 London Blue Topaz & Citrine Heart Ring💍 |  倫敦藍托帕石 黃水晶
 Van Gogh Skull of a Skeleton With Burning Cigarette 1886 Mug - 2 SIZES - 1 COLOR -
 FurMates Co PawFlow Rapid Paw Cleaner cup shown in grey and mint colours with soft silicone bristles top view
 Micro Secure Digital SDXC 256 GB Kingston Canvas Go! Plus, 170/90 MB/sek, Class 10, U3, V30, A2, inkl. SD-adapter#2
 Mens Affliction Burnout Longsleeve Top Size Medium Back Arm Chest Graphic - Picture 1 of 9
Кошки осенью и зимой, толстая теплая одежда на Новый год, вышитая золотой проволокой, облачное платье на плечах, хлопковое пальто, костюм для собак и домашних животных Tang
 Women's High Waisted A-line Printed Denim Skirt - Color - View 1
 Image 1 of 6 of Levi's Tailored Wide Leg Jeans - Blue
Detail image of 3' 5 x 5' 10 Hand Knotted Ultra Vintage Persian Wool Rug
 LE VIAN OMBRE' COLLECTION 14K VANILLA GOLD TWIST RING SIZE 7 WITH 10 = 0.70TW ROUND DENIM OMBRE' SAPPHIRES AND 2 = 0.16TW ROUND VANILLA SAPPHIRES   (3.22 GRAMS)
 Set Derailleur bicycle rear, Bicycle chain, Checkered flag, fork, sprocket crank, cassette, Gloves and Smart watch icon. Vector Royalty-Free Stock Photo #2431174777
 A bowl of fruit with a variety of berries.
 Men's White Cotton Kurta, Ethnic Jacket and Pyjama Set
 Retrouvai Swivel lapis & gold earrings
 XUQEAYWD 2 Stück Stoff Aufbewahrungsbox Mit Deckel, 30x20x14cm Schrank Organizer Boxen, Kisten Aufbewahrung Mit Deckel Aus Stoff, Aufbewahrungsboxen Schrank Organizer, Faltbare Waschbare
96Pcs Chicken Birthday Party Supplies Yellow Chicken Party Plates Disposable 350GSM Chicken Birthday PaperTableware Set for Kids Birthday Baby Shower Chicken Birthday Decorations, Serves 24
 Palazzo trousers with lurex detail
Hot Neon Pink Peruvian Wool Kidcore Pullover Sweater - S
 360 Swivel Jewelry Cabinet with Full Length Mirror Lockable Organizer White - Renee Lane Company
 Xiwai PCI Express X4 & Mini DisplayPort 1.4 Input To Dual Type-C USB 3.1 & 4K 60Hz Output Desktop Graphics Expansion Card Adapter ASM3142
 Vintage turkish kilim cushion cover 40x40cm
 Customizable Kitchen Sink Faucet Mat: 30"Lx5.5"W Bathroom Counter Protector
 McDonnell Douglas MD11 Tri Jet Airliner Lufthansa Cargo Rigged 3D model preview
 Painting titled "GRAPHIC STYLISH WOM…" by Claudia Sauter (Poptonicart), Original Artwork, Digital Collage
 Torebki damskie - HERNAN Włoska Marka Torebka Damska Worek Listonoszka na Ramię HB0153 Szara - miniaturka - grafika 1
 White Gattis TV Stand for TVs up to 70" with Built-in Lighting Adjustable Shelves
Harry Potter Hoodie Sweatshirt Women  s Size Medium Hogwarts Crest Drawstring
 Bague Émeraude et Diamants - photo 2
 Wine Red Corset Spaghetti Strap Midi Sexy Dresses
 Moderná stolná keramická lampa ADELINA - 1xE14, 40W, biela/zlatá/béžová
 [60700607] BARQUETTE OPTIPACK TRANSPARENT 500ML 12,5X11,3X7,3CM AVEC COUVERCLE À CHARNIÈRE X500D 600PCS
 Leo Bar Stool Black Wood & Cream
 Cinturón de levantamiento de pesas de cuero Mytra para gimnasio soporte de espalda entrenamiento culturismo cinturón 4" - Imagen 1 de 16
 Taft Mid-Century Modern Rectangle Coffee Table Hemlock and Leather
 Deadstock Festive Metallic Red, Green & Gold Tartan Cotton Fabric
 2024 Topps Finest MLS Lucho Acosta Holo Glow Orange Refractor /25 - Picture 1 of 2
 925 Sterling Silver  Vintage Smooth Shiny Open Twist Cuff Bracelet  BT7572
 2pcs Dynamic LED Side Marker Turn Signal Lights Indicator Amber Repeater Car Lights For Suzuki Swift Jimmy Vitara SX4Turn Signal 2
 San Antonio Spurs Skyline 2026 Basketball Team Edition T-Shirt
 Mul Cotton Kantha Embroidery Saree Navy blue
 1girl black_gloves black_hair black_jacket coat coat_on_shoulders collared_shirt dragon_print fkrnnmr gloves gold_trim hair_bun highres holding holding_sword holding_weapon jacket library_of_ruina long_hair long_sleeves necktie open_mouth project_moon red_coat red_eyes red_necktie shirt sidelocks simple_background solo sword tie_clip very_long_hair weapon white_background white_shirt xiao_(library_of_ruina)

________

* **Exercise details**: Above are the entries. Copy exactly the part that opens with the line containing "[60700607] BARQUETTE OPTIPACK" and closes with the line containing "925 Sterling Silver", and no more.

* **Result for this task**:
 [60700607] BARQUETTE OPTIPACK TRANSPARENT 500ML 12,5X11,3X7,3CM AVEC COUVERCLE À CHARNIÈRE X500D 600PCS
 Leo Bar Stool Black Wood & Cream
 Cinturón de levantamiento de pesas de cuero Mytra para gimnasio soporte de espalda entrenamiento culturismo cinturón 4" - Imagen 1 de 16
 Taft Mid-Century Modern Rectangle Coffee Table Hemlock and Leather
 Deadstock Festive Metallic Red, Green & Gold Tartan Cotton Fabric
 2024 Topps Finest MLS Lucho Acosta Holo Glow Orange Refractor /25 - Picture 1 of 2
 925 Sterling Silver  Vintage Smooth Shiny Open Twist Cuff Bracelet  BT7572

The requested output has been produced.